Today, even the value of US dollars is based entirely on trust, since the US dollar was taken off of the gold-backed Breton Woods system in 1971. Facebook will back Libra with a reserve of assets in the form of bank deposits and government securities, designed to give the Libra currency intrinsic value.
Facebook’s Libra cryptocurrency has three parts. The first is the currency running on a secure, scalable, and fault-tolerant blockchain, and the second is the asset backing of the Libra currency in the form of bank deposits and government bonds.
It’s the third part that goes against the original ideology of early cryptocurrency users, but it also has the potential to give the cryptocurrency space the legitimacy and mass public exposure it needs. That’s great news, but does it come with a cost?
Choosing Switzerland, the bastion of global banking, as the location for what Facebook calls the Association, a not-for-profit organisation tasked with the governance of the Libra ecosphere.
The Association will oversee the operation of the Libra blockchain, the coordination, and agreement between Libra stakeholders (the network’s validator nodes), and the promotion and expansion of the network, including the management of the asset reserves.
The Association will be managed by the Libra Association Council, the founding members, as stated on the white paper, will be made up of businesses, including Visa, Mastercard, PayPal, eBay, Spotify, Uber, and Vodafone, as well as non-profit and multilateral organisations and academic institutions.
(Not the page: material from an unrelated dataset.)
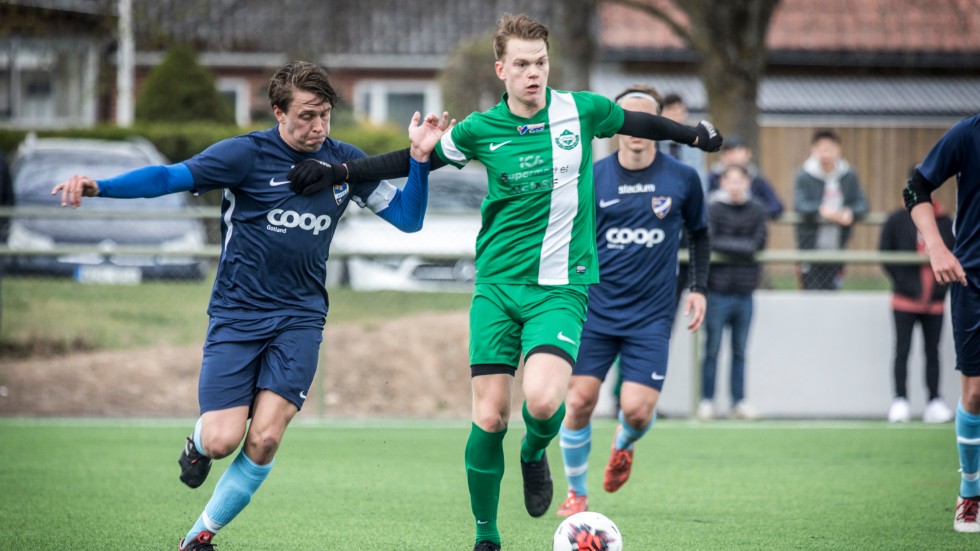 Albin Nordgren (grönt och vitt) stod för en fin säsong i Levide och får nu chansen i Gutes A-lag.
Backed by leading venture capital firms, it’s estimated Facebook will raise around $1 billion from the initial founding members.
By announcing Libra now, and by bringing in the global stalwarts of payment systems like Visa and Mastercard, along with trusted brands like eBay, Spotify and Vodafone, Facebook is, by its sheer size and market reach, saying we are here, we are ready, and we are backed by the names you know and trust.
Any mistakes by other stablecoin issuers will have the public looking to Facebook to provide a better solution.
By solving a problem, by holding out a “helping hand” to those outside of the system, Facebook gets access to billions of new customers.
Using transmutation on your research findings, you’ll discover India is the country with the highest number of Facebook users, with approximately 300 million.
Using data from the world bank, you’ll also discover that India has the second highest percentage of unbanked citizens in the world with 11% having no access to financial services.
Facebook, by forming the Association and bringing in globally-trusted brands may also soften the Indian central bank’s stance on cryptocurrencies.
The highest distribution of Facebook users by age is between 18 and 34. 68% of Americans use Facebook, and 74% of global users engage with Facebook at least once a day. 43% of global users use Facebook as their primary source of news, and 96% of all users interact with the platform on a mobile device.
Is this the beginning of the Velvet Revolution in cryptocurrencies? Change not through force, but through the soft touch of the familiar.